3. Feedback contínuo e compassivo

É essencial construir uma cultura de feedback que valorize o diálogo, o cuidado e a melhoria contínua. O feedback não deve ser instrumento de punição, mas de aprendizado mútuo.

4. Formação de lideranças empáticas

Liderar com humanidade exige formação em temas como comunicação não violenta, justiça relacional, mediação de conflitos, escuta ativa e inclusão. O líder é um formador de cultura — e precisa estar preparado para isso.

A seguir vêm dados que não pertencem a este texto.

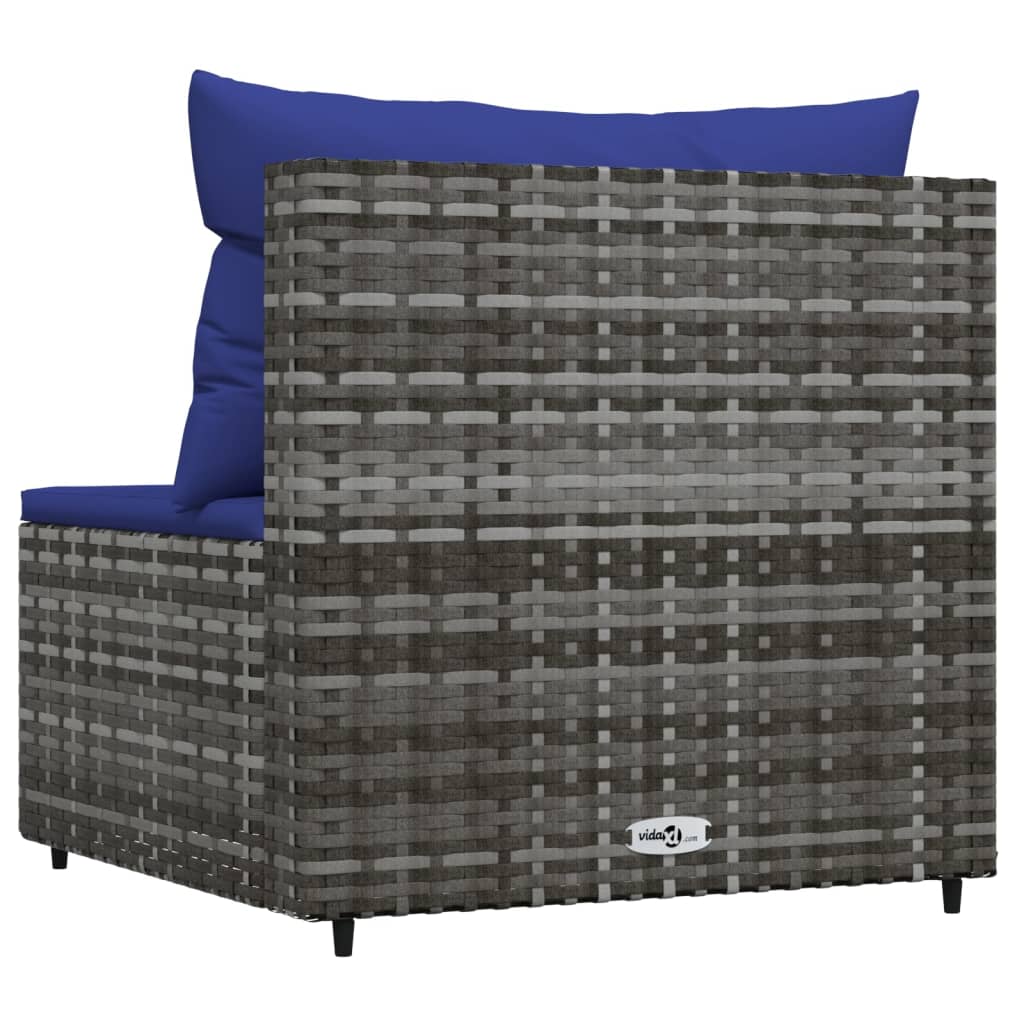 Gray Poly Rattan Patio Sofa with Cushions E2142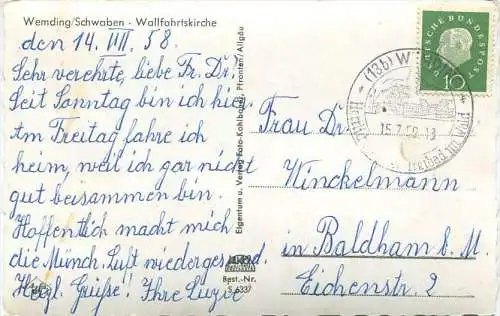 Wemding - Wallfahrtskirche - Foto-AK - Verlag - Foto-Kohlbauer Pfronten gel. 1959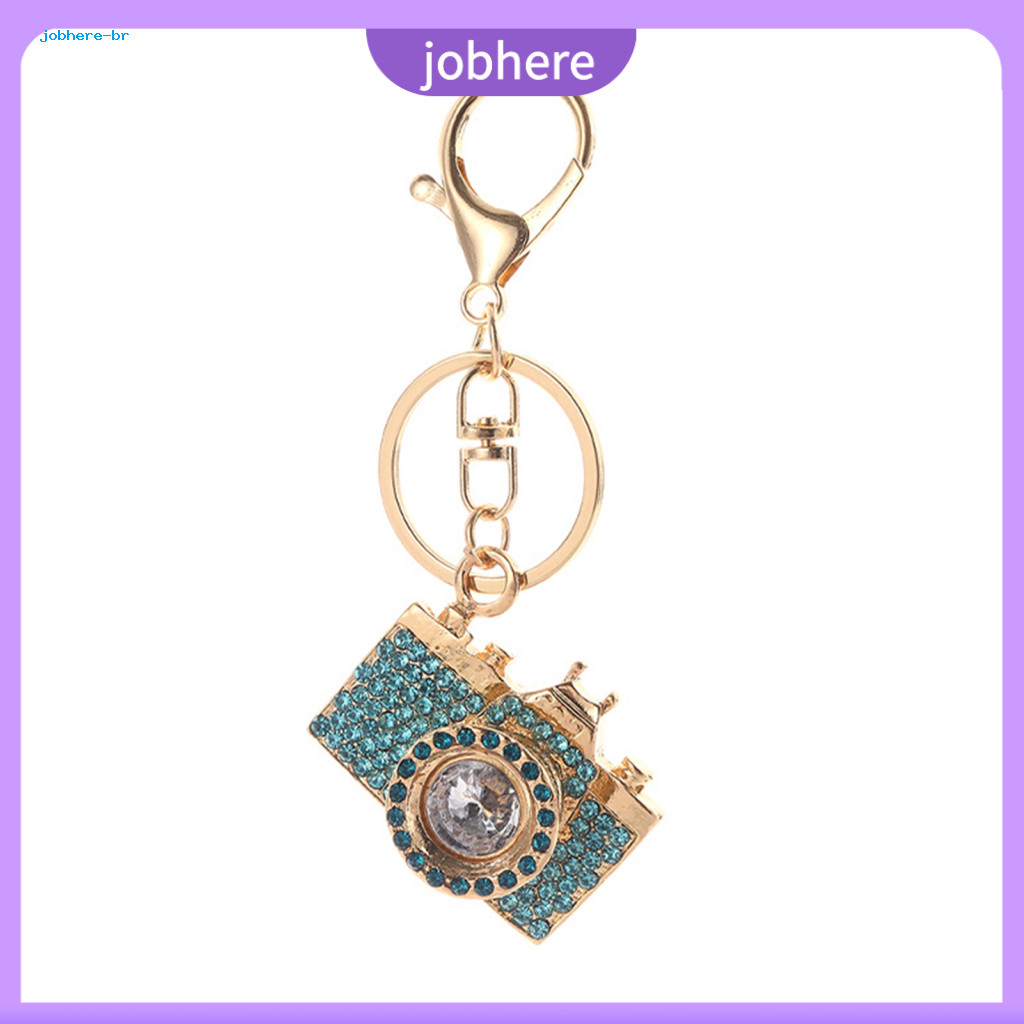 Vintage Camera Keyring Rhinestone Keychain Pendant with Anti-oxidation Lobster Clasp – Stylish Backpack Accessory for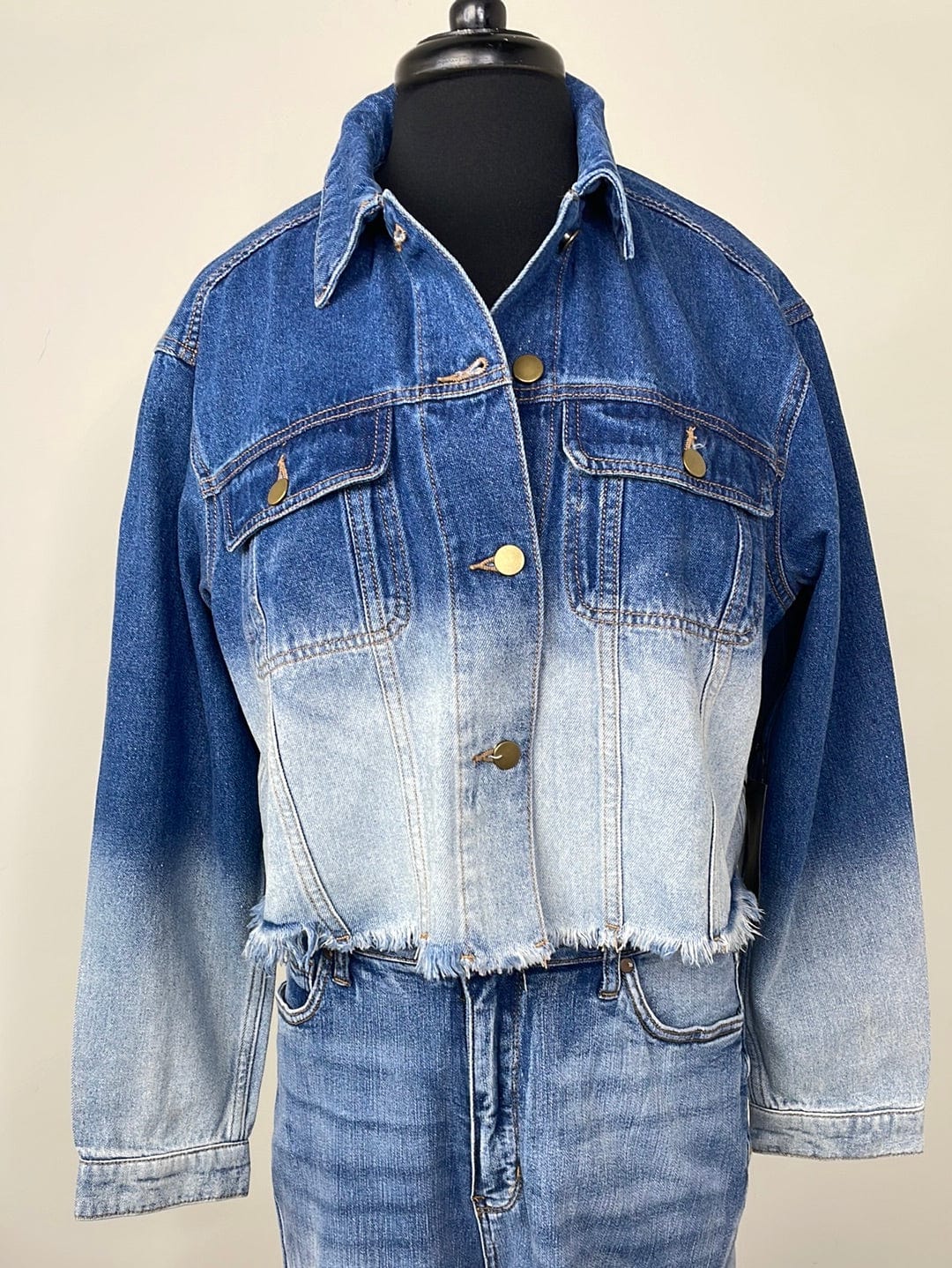 Two Tone Crop Denim Jacket
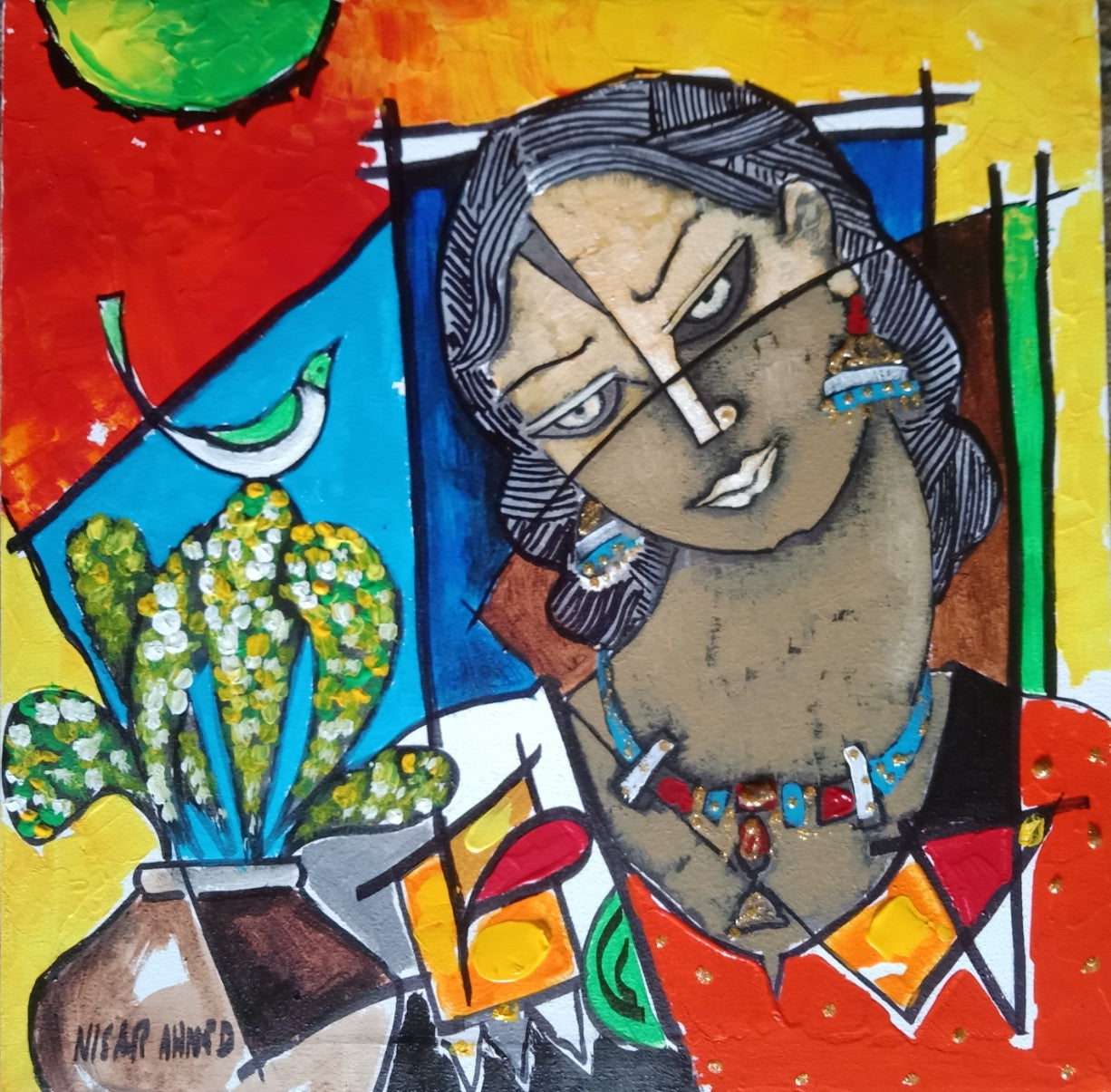 Untitled, Figurative Painting by Nisar Ahmad, Acrylic on Canvas, 12 x 12 inches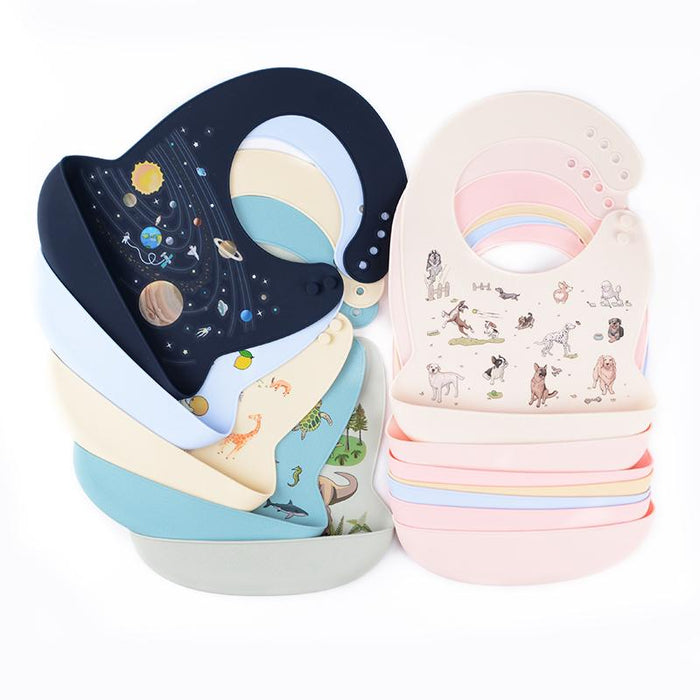 Silicone Baby Bib Waterproof Cartoon Feeding Soft Adjustable Scarf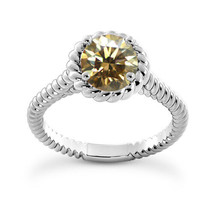 GIA Diamond Wedding Ring Round Shape Brown Color 14K White Gold VS2 1.10 Carat - £1,868.12 GBP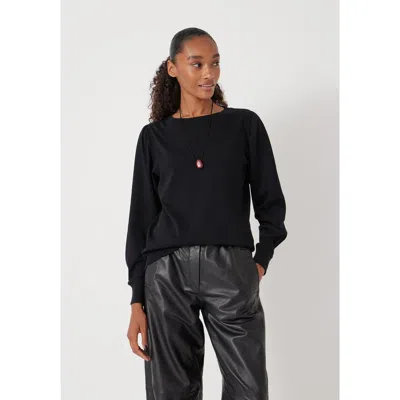 Hush Emily Puff Sleeve Relaxed Top In Black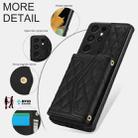 For Samsung Galaxy S21 Ultra 5G Splicing Rhombic Texture Card Bag Phone Case with Long Lanyard(Black) - 3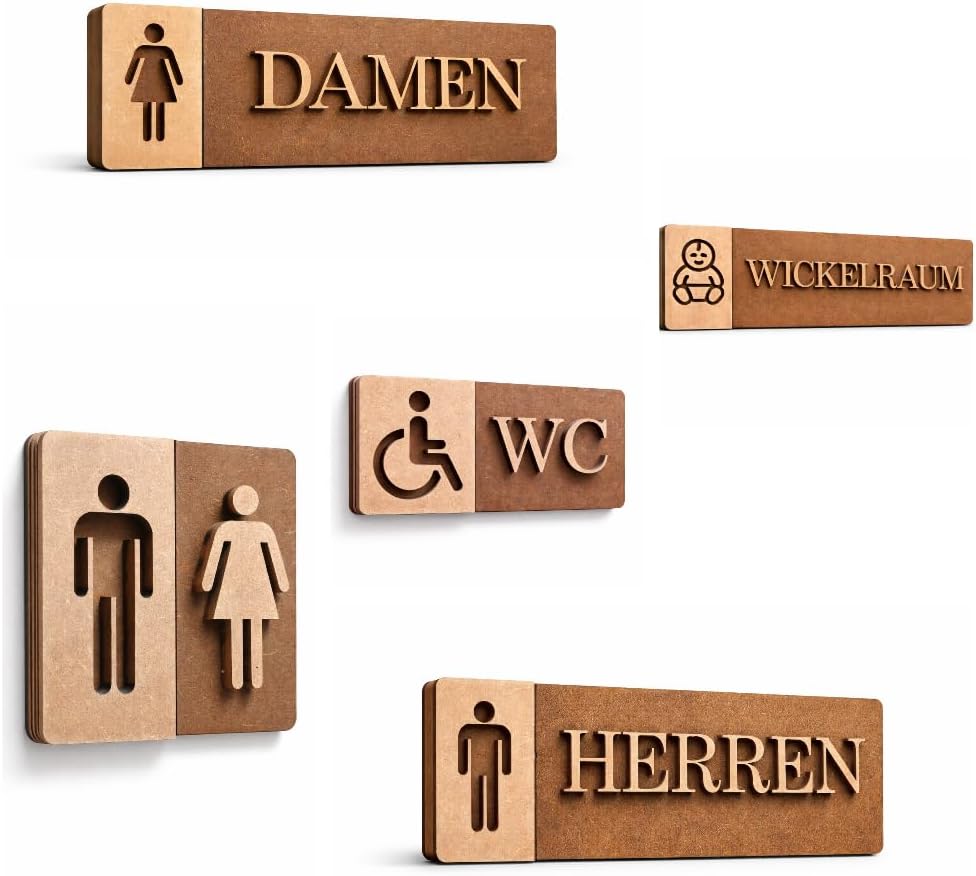 3D WC Schild Dunkel Nussbaum Holz – Elegantes Toilettenschild Set für stilvolle Türbeschilderungen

5. Cuidado com o ambiente emocional

A saúde emocional das equipes precisa ser prioridade. Ambientes que negligenciam o cuidado emocional cultivam medo, silêncio e retraimento. Já os que valorizam o bem-estar geram coragem, confiança e inovação.

Considerações Finais

A gestão humanizada e participativa é mais do que uma técnica — é uma filosofia de relação com o outro e com o mundo. Em tempos de crise civilizatória, esse modelo representa uma esperança ativa de reconstrução do trabalho como espaço de dignidade, aprendizado e pertencimento. Como sintetiza Edgar Morin (2004), “a ética não pode ser separada da complexidade”. E, nesse sentido, a gestão é hoje um dos principais campos onde se disputa o futuro: ou seguimos reproduzindo lógicas de exclusão e silenciamento, ou abrimos caminhos para formas mais justas, humanas e coletivas de viver e trabalhar. Por fim, deixamos um poema escrito em 2020 intitulado "Falsa Matemática" em que observamos a dimensão entre o EU e o OUTRO.

"Eu e o Outro/ O outro no outro/ Que há em mim/ E não há no outro/ Que há no outro/ Que foge d’outro/ Dificil divisão/ Falsa matemática/ Falsa matemática/ Esse estar social/ Essa incómoda necessidade/ Essa habitação inútil do ser/ Do ter sem ser/ Do ser sem antes estar/ Ficar presente. Agir agora/ É hora, é passada a hora/ O grito continua solto no ar".

Referências Bibliográficas

  • De Masi, Domenico. (2003). O Ócio Criativo. Rio de Janeiro: Sextante.
  • Deloitte. (2022). Global Human Capital Trends Report.
  • Gallup. (2023). State of the Global Workplace Report.
  • hooks, bell. (2003). Ensinando a transgredir: a educação como prática da liberdade. São Paulo: WMF Martins Fontes.
  • Morin, Edgar. (2000). Os sete saberes necessários à educação do futuro. UNESCO.
  • Morin, Edgar. (2004). A Cabeça Bem-feita: repensar a reforma, reformar o pensamento. Bertrand Brasil.
  • Senge, Peter. (2006). A Quinta Disciplina: arte e prática da organização que aprende. Rio de Janeiro: BestSeller.